Machine learning techniques are increasingly being used in the loan default prediction. When constructing a predictive model, it is very important to extract the useful features from the loan and borrower data.
Objectives: The first report uses a hypothetical loan dataset to conduct the Exploratory Data Analysis (EDA) and Feature Engineering (FE) process for loan default prediction, and then builds a simple logistic regression model, and measures the model improvement after the feature transformation. The second report uses a hypothetical loan dataset for loan default prediction. By using supervised machine learning (Random Forest), different methods (inlcuding feature engineering, sampling methods, and hyper-parameters tuning) will be tested to improve the model performance.
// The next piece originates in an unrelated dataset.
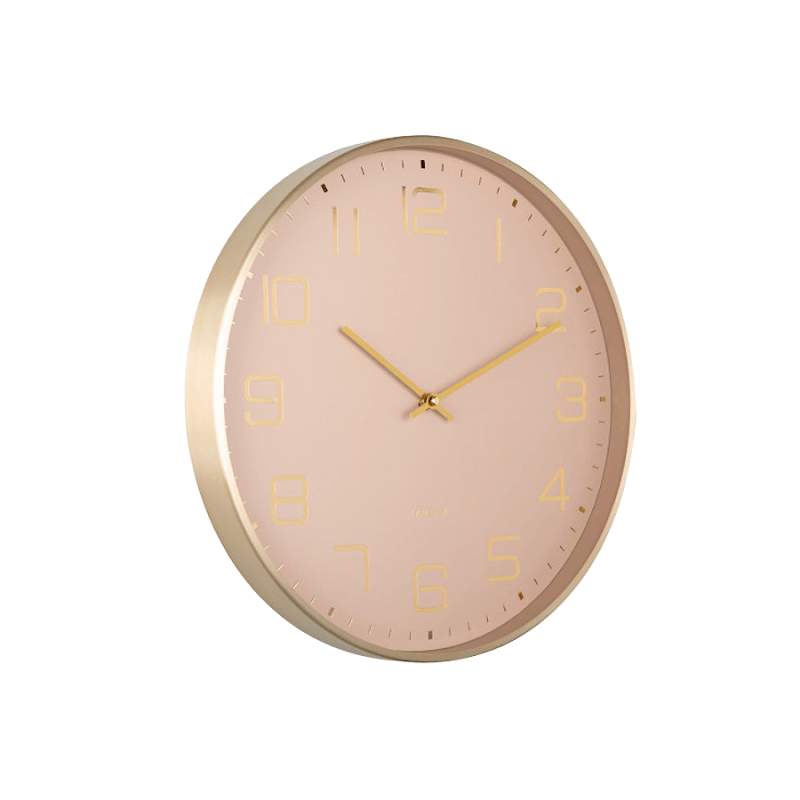 Horloge murale cadran beige rosé et or D40 cm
The third report uses a hypothetical loan dataset for loan default prediction. By using supervised machine learning (GBM and Deep Learning), different methods (inlcuding feature engineering, sampling methods, and hyper-parameters tuning) will be tested to improve the model performance. This forth report uses a hypothetical loan dataset for loan default prediction. By using supervised machine learning (GLM and AutoML), different methods (inlcuding feature engineering, sampling methods, and hyper-parameters tuning) will be tested to improve the model performance. After using supervised machine learning (Random Forest) to build the prediction model, SHAP values will be incorporated to explain the model. The fifth report demonstrates the model explanation.
Dataset: The dataset contains information on loan application details, borrower's credit history from Credit Bureau, borrower's financial query records, borrower's call records, and third-party data.